Water covers 70% of the Earth, and its volume is about 1,386 million cubic kilometers (km³); this figure includes the seas, lakes, rivers, glaciers, polar ice caps, subsoil, and atmospheric vapor. All this water represents only one thousandth of the volume of our planet and 0.05% of its total mass; if the Earth weighed one ton, the water would weigh half a kilo. It’s a tiny proportion but it influences how we rotate in space.
The Earth’s rotation axis is not fixed
The Earth’s rotation axis moves slowly but steadily. As the globe rotates, it wobbles slightly on its axis, like an off-center spinning top, the so-called “precession” motion. This wobbling is due to the tidal forces caused by the gravitational influences of the Sun and the Moon.

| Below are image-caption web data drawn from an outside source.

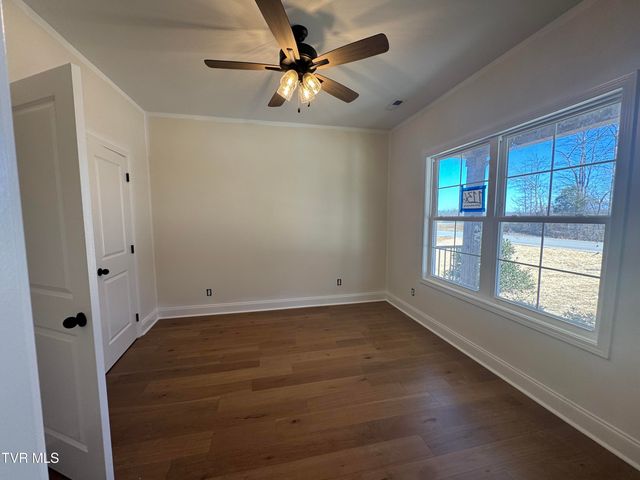 1136 Hawley Road, Blountville, TN 37617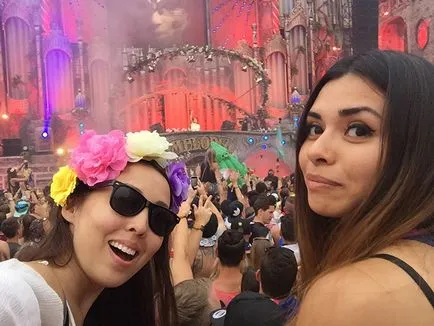 Tomorrowland какво е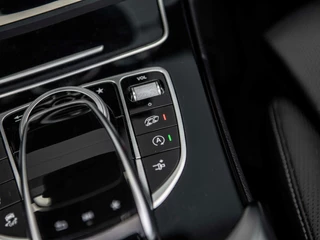 Mercedes-Benz C-Klasse Mercedes C-klasse Cabrio C43 AMG 367PK Speedshift 4MATIC Burmester Stoelkoeling Airscarf Sportuitlaat Memory - afbeelding nr 39
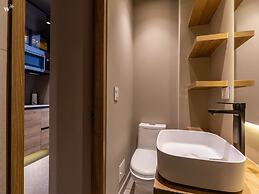 w Modern Loft in Unique Building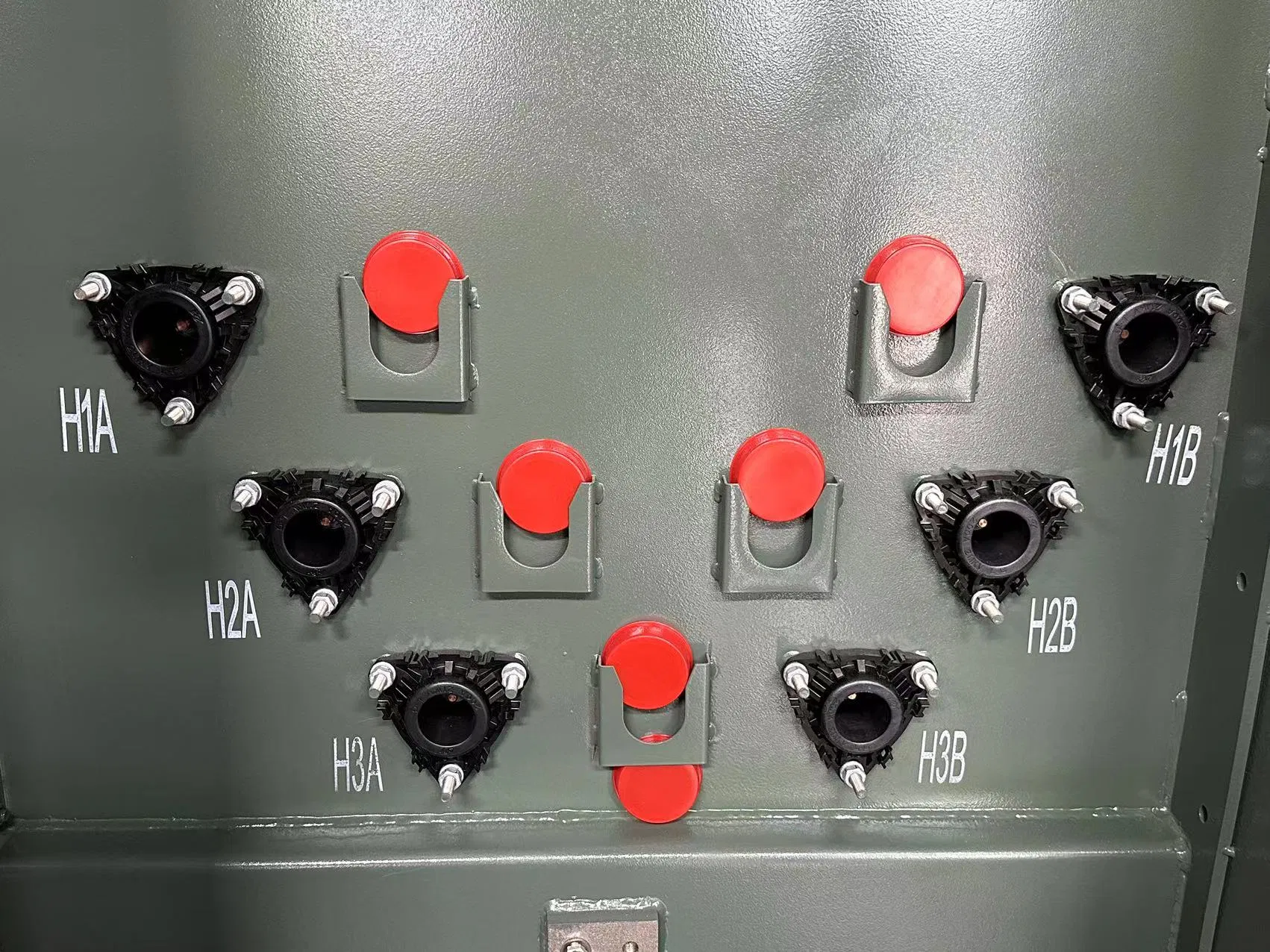 Reliable 1000 kVA Pad-Mounted Transformer for Heavy Duty Use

Astronomers have been calculating this for centuries: approximately every 26,000 years, the rotation axis describes a complete cycle. Thus, in our days, the axis points to the Pole star, but it will pass successively, at intervals of about 6,000 years, through Alpha Draconis, Vega, Denech, and Alpheratz to return to the Pole after about 26,000 years. A natural phenomenon known as “polar drift” or “polar movement” tells us that the sky we see differs from the sky our Homo sapiens ancestors have seen throughout their evolution.
2,150 gigatons of water make their presence felt
The ability of the mass of water to change the Earth’s rotation was discovered in 2016. In addition to tides, the melting of polar ice masses and the subsequent increase in the volume of water in the seas influence polar drift. However, a recent study published in Geophysical Research Letters by Korean geophysicist Ki-Weon Seo highlights a new and, to some extent, surprising aspect: the displacement of large water masses due to the extraction of aquifers has caused the alteration of the Earth’s rotation axis by about 80 centimeters to the east. The study states that from 1993 to 2010, the deviation of the axis evolved at a rate of 4.36 centimeters per year.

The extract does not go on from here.